Data for analysis:
____

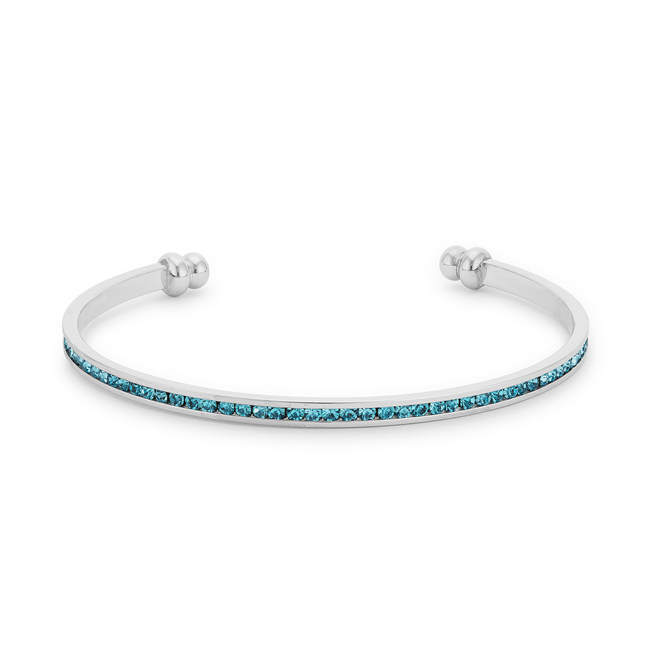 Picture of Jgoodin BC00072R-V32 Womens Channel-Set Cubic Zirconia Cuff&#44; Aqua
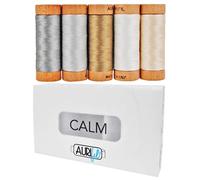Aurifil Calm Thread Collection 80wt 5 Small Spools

____

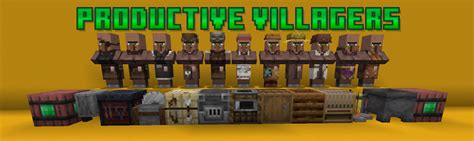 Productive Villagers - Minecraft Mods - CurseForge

____

Problem to work on: Please return the material above only from the line that holds "Picture of Jgoodin" through the line that holds "Aurifil Calm Thread", exactly as it stands, ends included and pictures omitted.

Answer:
 Picture of Jgoodin BC00072R-V32 Womens Channel-Set Cubic Zirconia Cuff&#44; Aqua
Aurifil Calm Thread Collection 80wt 5 Small Spools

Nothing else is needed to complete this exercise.